## INSTRUCTIONS FOR THE TASK:
Transcribe nothing except the lines below that run from the one with "Aukcja sprzedaży 2023" to the one with "Hayes Dominion A4", ends included, and do not copy any picture.

## PROVIDED MATERIAL:
# # # # #
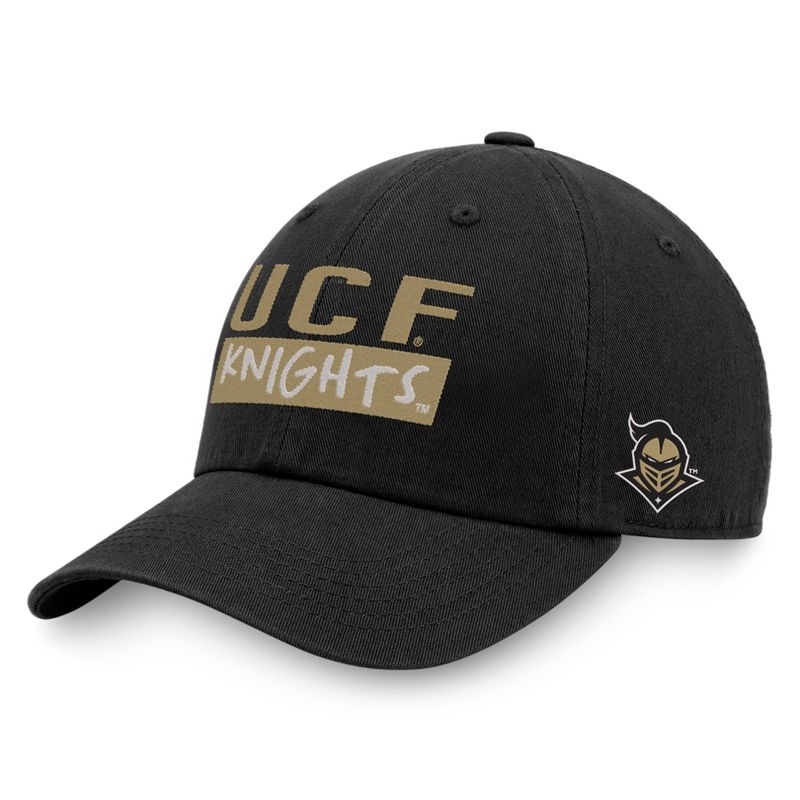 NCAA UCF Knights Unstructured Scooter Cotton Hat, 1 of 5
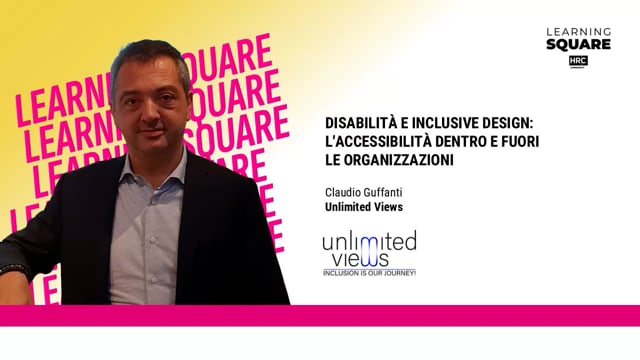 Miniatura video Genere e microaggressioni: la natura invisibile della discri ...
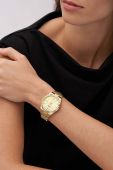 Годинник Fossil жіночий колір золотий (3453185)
# # # # #
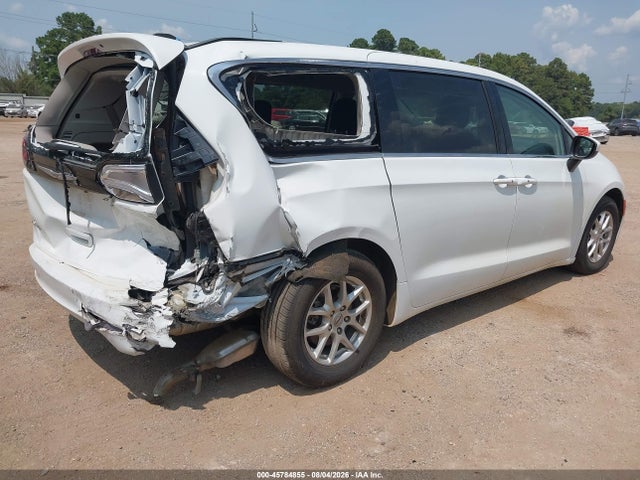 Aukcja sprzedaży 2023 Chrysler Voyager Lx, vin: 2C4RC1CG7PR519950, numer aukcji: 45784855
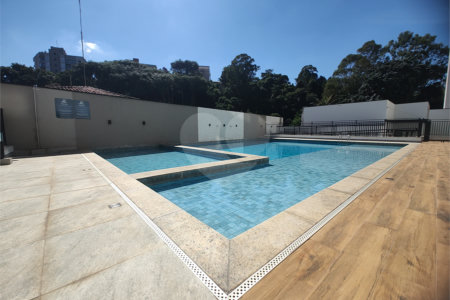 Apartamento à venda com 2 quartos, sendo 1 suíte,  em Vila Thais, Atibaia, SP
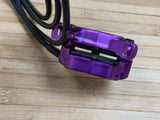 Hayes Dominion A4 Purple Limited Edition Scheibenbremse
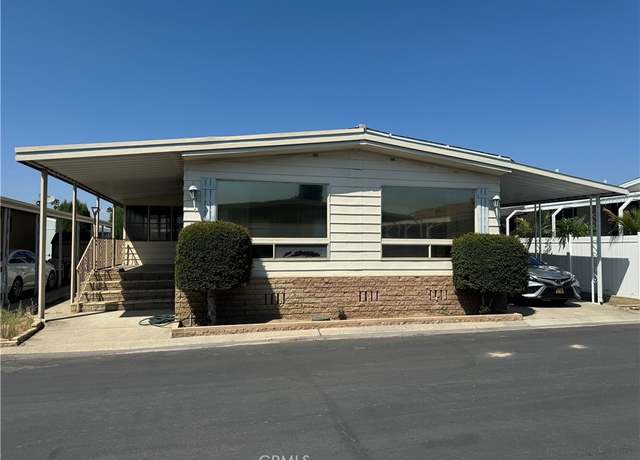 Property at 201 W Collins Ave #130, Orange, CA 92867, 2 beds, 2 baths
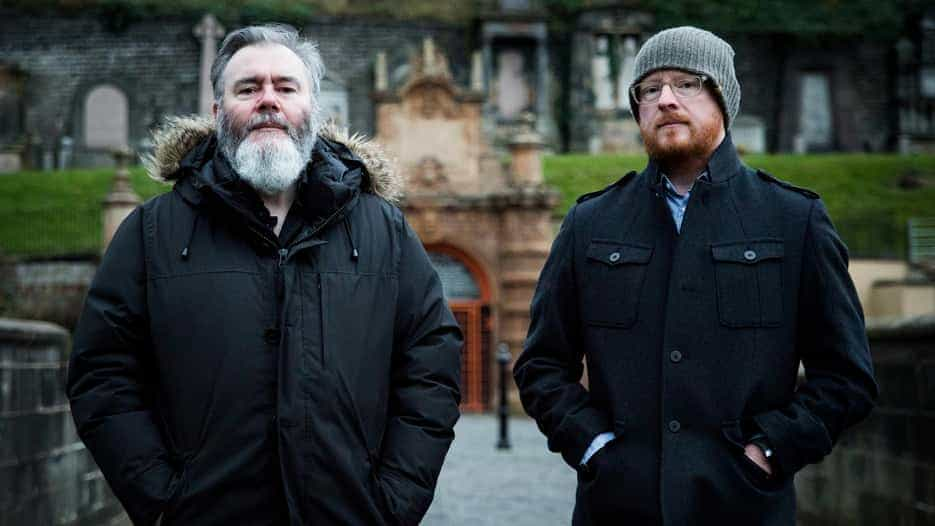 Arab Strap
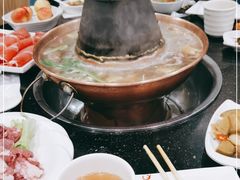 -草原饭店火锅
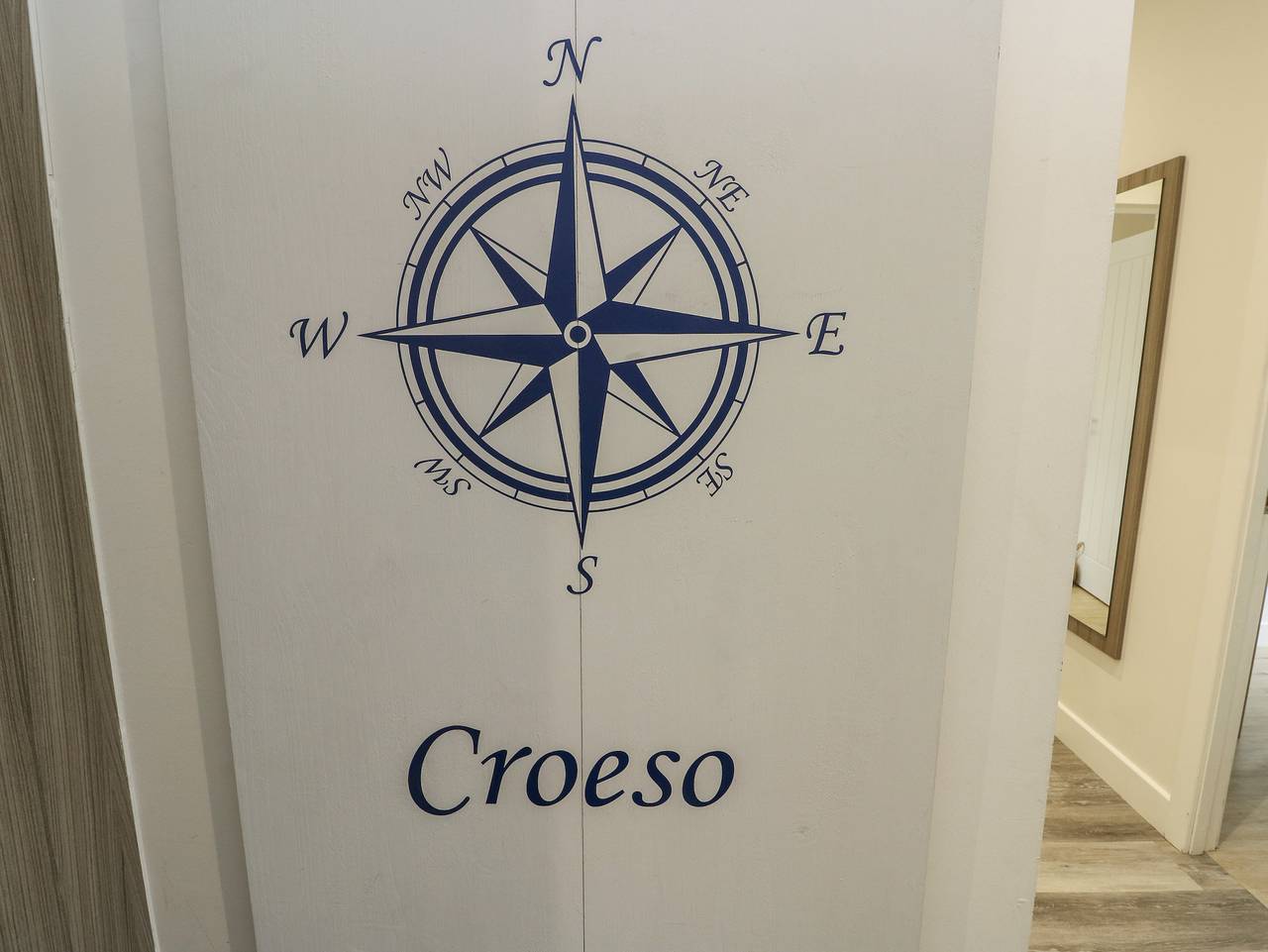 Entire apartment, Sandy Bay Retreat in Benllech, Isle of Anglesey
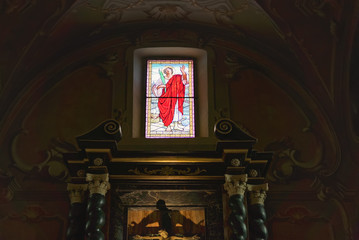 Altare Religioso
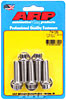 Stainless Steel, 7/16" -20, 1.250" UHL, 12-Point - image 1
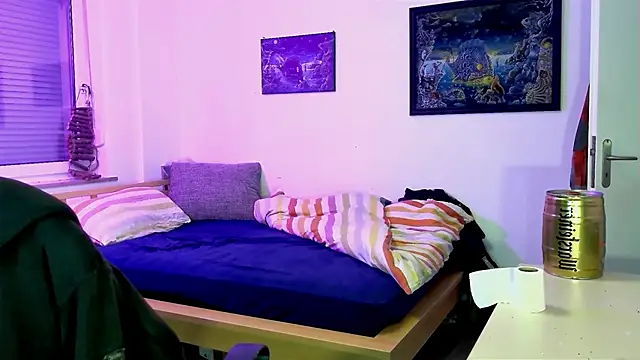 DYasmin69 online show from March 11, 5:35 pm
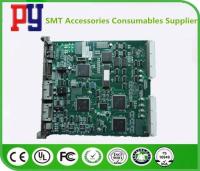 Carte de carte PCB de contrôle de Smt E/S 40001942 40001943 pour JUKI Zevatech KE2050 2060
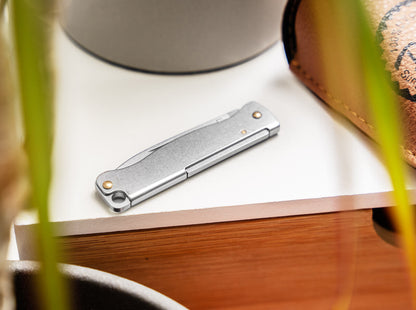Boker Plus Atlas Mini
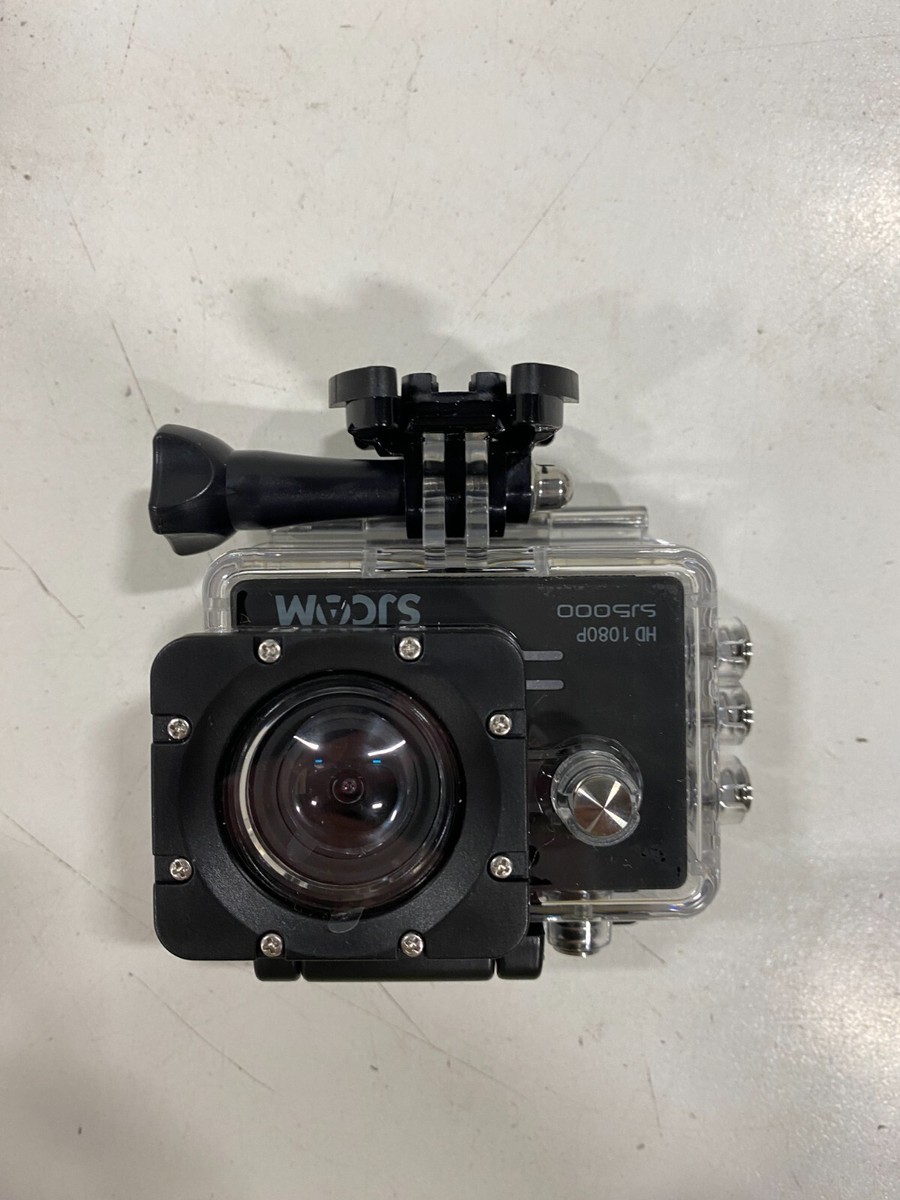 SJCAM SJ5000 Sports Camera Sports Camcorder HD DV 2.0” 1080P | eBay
# # # # #
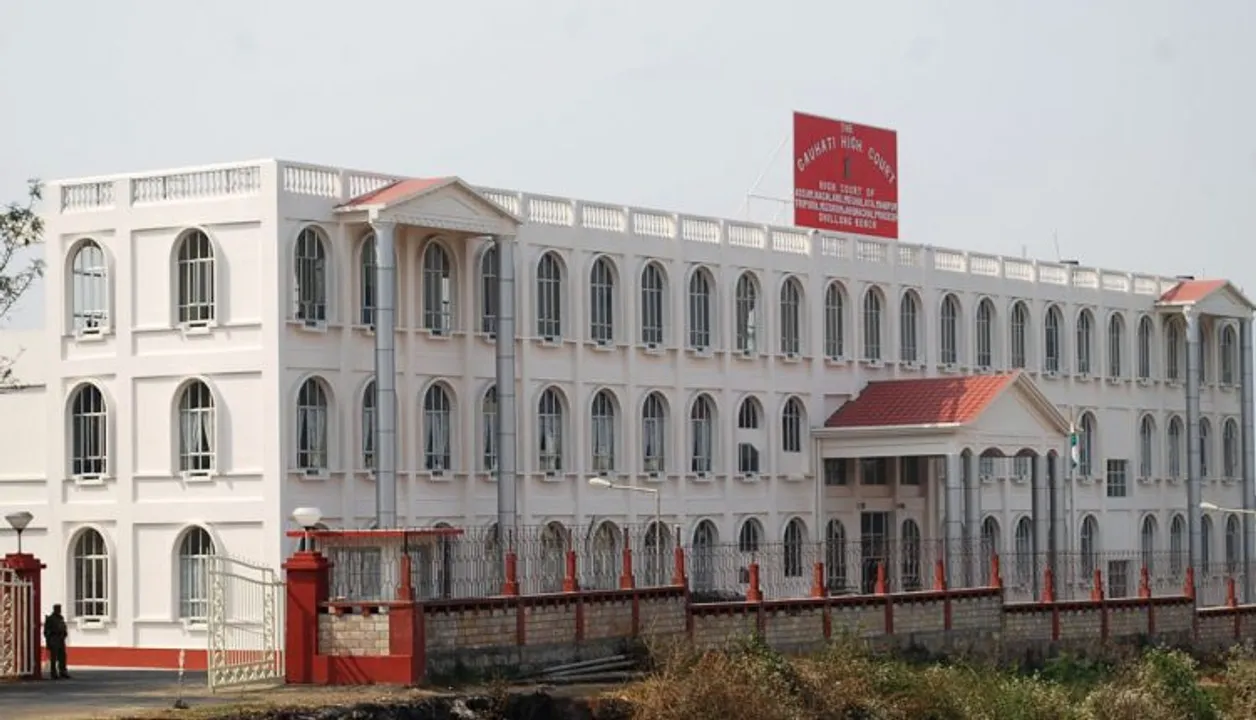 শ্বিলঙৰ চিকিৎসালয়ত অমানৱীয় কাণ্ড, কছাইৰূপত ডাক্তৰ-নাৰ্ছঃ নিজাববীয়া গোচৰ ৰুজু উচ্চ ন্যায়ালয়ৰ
# # # # #
## EXERCISE RESPONSE:
 Aukcja sprzedaży 2023 Chrysler Voyager Lx, vin: 2C4RC1CG7PR519950, numer aukcji: 45784855
 Apartamento à venda com 2 quartos, sendo 1 suíte,  em Vila Thais, Atibaia, SP
 Hayes Dominion A4 Purple Limited Edition Scheibenbremse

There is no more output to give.